After creating, selecting the Search Service Application (not the proxy) click on the properties button on the ribbon you will see more configuration options. The initial topology with your new search service application configuration will have all components on one application server and all databases on one database server. This topology can be changed later using the Modify Topology link located on the Farm-Wide Search Administration page or from the Search Service management page.
After naming and creating, the properties page of Search Service Application looks like the one given below.
Leave the FAST service application set to none. Next you must specify the search service account which it must be a managed service account, and it will be the same for all search services in the farm. Just like other managed service accounts, it can be changed from the Configure Service Accounts page under the General Security section of the Security page in Central Administration.

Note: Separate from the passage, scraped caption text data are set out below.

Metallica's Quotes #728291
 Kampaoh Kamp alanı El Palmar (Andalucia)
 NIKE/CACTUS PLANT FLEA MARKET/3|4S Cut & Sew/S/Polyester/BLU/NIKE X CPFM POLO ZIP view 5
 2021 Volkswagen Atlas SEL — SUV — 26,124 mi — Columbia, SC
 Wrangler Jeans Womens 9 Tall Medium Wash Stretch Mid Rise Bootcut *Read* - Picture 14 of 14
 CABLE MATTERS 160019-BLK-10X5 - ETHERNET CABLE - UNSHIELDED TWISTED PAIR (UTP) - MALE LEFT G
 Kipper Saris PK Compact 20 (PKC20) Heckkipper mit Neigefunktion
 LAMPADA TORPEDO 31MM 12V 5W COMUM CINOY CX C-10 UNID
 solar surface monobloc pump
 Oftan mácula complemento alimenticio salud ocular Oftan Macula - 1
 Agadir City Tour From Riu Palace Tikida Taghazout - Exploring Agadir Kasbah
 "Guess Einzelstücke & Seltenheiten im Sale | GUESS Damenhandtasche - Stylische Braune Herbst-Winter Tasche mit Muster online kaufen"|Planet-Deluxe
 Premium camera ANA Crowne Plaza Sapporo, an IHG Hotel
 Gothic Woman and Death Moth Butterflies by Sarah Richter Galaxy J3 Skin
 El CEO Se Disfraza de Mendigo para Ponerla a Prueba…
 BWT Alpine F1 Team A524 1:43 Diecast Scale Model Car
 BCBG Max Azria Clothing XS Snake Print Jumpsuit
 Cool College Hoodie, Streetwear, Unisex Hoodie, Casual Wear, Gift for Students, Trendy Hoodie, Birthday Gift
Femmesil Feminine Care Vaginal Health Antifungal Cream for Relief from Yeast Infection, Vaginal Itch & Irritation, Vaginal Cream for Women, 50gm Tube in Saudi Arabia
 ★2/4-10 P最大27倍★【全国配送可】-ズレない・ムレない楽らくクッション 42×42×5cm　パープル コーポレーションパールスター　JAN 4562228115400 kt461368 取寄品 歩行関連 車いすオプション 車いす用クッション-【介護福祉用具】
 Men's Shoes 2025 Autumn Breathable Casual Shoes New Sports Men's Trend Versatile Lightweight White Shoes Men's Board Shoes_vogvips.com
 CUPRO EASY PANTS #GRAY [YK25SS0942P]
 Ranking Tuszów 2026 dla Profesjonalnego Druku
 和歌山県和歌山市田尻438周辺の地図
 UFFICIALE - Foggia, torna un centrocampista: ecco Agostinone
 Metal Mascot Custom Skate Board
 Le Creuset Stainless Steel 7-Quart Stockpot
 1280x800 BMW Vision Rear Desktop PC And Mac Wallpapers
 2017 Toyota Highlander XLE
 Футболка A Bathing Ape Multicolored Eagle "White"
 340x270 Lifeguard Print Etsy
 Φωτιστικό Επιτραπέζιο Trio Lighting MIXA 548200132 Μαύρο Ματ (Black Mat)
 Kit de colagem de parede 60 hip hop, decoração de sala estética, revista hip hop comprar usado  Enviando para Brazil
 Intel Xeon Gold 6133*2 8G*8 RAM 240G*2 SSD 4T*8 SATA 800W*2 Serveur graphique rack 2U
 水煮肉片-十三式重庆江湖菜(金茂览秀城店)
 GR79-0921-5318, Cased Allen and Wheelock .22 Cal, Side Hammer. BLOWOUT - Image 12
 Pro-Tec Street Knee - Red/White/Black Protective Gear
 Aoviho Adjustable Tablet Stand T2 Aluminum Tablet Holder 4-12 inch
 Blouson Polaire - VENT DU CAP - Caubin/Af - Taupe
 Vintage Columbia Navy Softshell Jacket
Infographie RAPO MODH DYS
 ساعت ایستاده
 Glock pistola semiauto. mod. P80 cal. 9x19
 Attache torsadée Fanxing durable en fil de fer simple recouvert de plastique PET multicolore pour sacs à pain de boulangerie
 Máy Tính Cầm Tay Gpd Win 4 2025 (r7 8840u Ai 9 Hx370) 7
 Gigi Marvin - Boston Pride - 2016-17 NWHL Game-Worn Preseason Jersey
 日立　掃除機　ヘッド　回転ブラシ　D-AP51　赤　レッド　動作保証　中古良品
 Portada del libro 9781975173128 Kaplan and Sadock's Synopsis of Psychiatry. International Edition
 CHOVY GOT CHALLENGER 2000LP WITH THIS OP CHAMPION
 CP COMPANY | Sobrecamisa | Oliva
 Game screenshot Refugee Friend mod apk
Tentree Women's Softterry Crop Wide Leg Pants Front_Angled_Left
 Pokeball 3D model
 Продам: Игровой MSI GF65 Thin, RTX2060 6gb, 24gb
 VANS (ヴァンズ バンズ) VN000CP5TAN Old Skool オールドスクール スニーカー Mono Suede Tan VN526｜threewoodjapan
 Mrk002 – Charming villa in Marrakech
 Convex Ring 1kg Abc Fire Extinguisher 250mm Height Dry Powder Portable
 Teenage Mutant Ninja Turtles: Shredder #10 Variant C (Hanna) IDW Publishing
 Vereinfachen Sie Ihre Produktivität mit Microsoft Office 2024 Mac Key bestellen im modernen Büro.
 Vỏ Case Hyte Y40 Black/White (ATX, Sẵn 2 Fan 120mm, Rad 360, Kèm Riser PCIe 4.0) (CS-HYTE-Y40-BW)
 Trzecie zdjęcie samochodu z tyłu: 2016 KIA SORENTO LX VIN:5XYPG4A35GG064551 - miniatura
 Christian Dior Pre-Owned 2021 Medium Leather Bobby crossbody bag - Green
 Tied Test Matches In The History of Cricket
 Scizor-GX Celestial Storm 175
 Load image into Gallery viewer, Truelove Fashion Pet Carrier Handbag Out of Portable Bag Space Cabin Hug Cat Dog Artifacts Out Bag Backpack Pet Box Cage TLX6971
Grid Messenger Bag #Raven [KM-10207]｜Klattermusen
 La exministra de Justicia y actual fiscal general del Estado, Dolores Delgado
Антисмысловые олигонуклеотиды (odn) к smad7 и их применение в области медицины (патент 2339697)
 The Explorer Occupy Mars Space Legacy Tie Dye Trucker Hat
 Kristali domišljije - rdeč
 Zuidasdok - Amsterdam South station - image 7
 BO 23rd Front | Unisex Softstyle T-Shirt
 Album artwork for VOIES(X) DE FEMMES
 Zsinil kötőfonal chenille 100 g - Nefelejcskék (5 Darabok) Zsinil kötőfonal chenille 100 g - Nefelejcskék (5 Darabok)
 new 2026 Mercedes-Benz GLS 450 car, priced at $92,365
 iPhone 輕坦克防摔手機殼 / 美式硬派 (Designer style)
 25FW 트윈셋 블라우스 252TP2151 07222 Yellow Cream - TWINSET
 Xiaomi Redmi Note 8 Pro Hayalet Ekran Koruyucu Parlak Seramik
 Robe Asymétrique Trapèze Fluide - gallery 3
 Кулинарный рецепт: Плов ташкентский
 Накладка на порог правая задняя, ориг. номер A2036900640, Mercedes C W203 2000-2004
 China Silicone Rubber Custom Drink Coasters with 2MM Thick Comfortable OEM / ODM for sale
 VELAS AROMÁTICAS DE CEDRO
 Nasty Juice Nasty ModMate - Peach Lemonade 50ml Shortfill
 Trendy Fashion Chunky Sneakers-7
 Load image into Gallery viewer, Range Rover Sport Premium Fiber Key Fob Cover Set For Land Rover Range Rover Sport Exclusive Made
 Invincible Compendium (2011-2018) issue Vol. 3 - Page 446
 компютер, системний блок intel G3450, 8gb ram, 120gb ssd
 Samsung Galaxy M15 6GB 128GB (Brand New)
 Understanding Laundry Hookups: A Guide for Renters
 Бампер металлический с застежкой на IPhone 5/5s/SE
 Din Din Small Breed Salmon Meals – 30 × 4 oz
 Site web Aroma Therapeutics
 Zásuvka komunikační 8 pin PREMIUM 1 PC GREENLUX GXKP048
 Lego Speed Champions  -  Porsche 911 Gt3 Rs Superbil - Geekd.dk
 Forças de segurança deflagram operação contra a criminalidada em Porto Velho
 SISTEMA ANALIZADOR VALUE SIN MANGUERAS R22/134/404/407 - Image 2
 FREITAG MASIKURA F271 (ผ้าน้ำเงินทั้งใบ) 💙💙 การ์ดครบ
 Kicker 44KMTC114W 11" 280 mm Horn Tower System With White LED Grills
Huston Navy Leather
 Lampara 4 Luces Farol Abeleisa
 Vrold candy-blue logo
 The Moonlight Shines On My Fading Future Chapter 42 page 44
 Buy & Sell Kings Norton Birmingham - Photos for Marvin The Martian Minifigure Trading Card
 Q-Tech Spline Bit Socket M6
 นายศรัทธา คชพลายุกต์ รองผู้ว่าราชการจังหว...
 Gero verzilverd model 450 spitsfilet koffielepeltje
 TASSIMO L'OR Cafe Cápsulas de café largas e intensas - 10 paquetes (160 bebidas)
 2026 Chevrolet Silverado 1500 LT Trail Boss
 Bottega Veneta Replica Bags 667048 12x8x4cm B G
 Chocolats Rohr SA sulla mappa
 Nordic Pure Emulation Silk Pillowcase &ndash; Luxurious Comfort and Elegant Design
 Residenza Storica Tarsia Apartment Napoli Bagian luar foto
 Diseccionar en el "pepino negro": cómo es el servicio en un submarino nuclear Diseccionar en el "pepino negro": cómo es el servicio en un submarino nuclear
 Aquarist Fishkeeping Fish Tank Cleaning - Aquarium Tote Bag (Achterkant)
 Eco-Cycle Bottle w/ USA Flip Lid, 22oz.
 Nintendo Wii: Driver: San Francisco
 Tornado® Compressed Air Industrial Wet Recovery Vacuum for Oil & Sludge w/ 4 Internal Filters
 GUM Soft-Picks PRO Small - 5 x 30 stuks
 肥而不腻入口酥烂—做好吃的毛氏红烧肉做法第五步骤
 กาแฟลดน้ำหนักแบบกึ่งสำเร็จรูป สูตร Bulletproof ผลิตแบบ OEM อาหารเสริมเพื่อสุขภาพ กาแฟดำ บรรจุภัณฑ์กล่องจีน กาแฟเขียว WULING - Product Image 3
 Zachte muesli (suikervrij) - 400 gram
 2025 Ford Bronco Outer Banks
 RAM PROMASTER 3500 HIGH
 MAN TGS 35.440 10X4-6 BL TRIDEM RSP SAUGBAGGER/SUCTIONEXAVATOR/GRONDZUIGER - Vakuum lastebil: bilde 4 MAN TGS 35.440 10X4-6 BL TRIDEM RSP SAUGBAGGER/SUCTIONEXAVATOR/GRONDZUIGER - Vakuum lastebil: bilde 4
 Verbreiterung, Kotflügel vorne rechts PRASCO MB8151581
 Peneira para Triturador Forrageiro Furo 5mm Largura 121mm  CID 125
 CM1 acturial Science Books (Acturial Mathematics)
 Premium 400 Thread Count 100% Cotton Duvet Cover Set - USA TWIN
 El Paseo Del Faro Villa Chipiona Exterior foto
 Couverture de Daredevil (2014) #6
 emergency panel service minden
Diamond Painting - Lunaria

Then set the application pools for the two web services. These application pools can be shared with other application or can be unique. The security account used as its identity must be a managed account. First the Search Admin Web Service and the second Search Query and Site Settings Web Service. If you will have search administrators who are not farm administrators, you need to give them permission to manage the search service application from the Manage Service Applications page as shown below which can be done by selecting Administration button from the ribbon.
Now select the Search Service Application and click on the Manage button on the ribbon to open the Search Administration with a dashboard for System Status, Crawl History and Search Application Topology.
There are many possible configuration changes with the System Status screen. Can change the Default content access account, change contact email address, proxy server and etc…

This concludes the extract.